In reference to plein air painting, a friend who is a watercolorist emailed me and said, “I thought as a oil painter you would be into it.”
That is a common assumption about oil painters.
(My friend is more artistically adventuresome than I am. She goes out in an atmosphere where sometimes the watercolors evaporate before they are fully blended!)
When I took a studio painting class, specifically called “photo-realism for studio painters”, the teacher asked how many of us wanted just studio painting and how many wanted the photo-realism aspect. Very few were in my camp, and he told the class that it is just a matter of tricks that anyone can master. (He never did address nor explain or demonstrate those so called “tricks”.) Then he set up still life arrangements and made plans for us to go out plein air painting. I signed up to specifically learn to be a photo-realist studio painter, so after half a semester, I dropped the class.

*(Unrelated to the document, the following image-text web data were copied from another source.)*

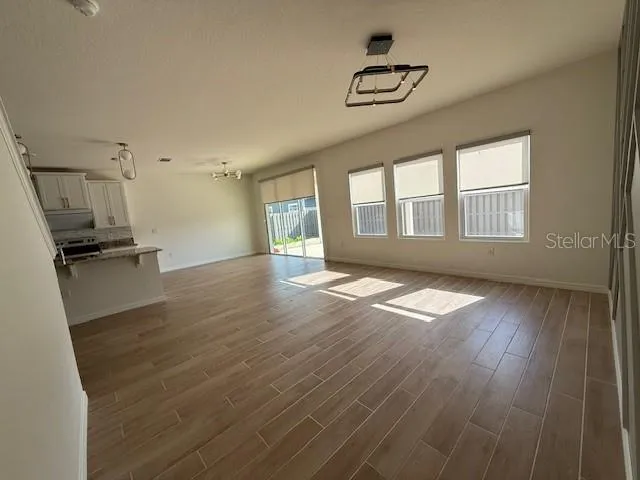 $3,200 | 1170 Northwest 133rd Way, Gainesville, FL 32606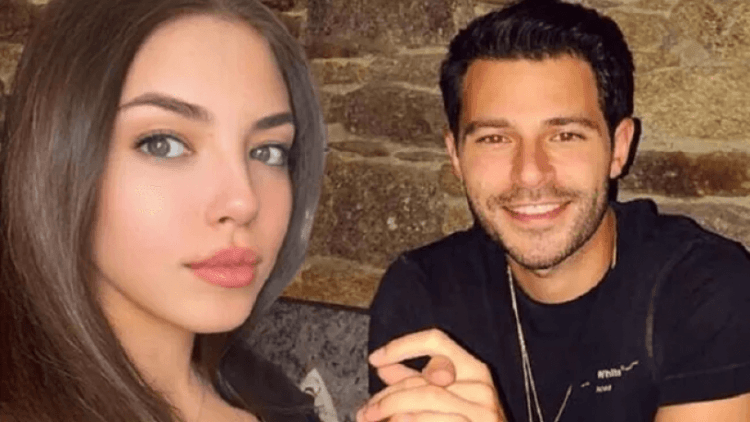 ‘Hapse girip çıkan Aygün Aydın intihar girişiminde bulundu’ iddiası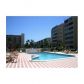 900 12 AVENUE # 404, Hallandale, FL 33009 ID:11857244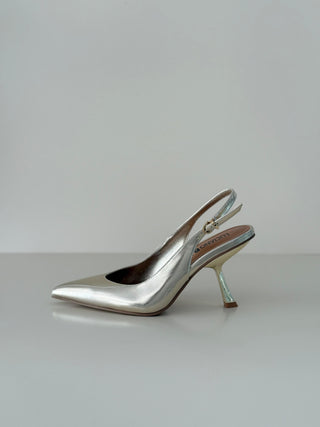 Brenda TL236 Platino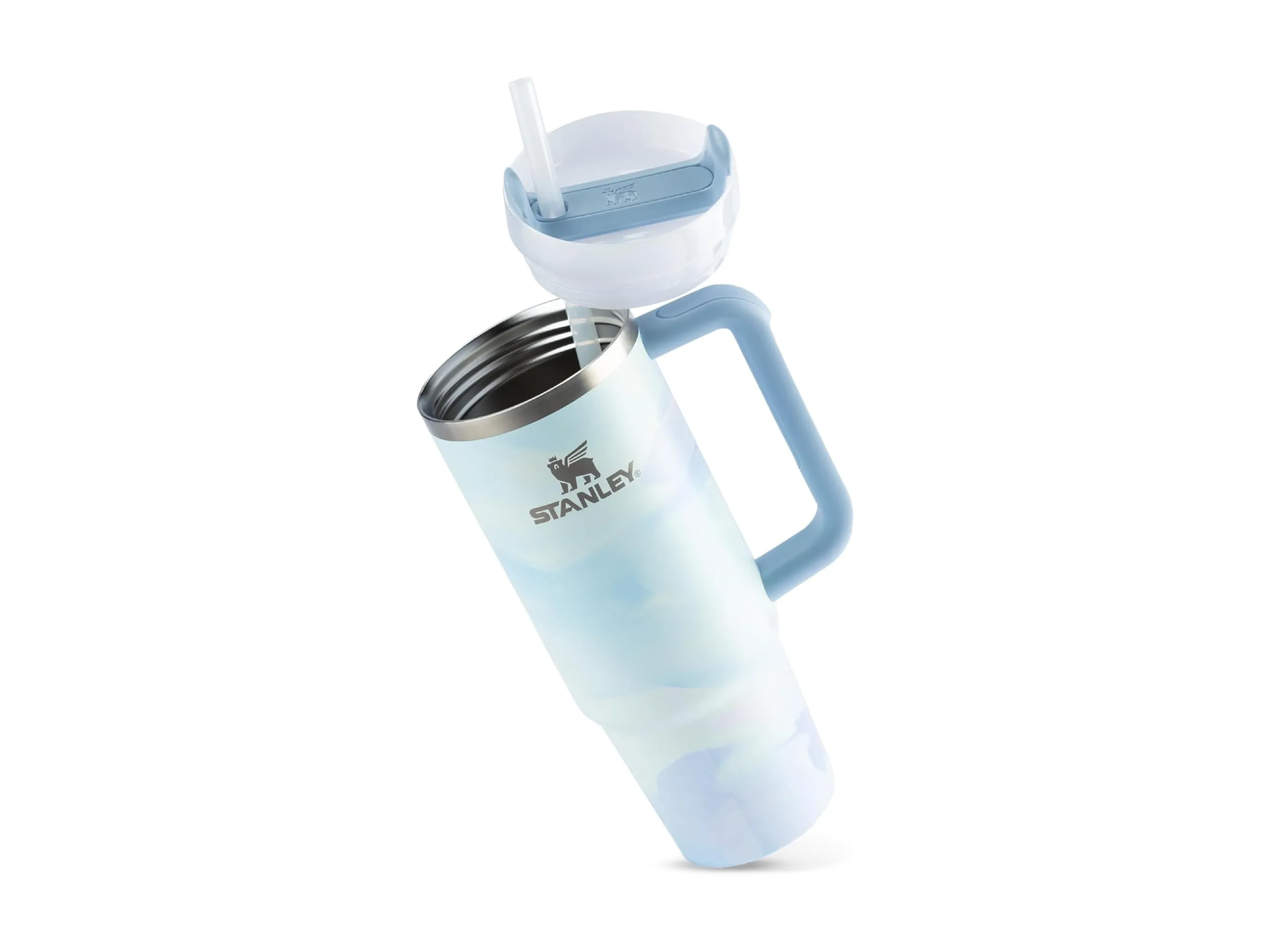 Vaso Stanley Quencher 887ml original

So, here is the progression of my own weak attempts at plein air painting. It is a Three Rivers scene, which you probably figured out all by yourself.
Block it in from photos while in the studio
Set up on location and make a few stabs at improving it. More was revealed in real life than from the photos – that was helpful.
Finish it up in the studio.
The finished piece is spoken for, but the “buyer” doesn’t want it yet. Hmmm, any other offers? Until money exchanges hands, it is simply conversation.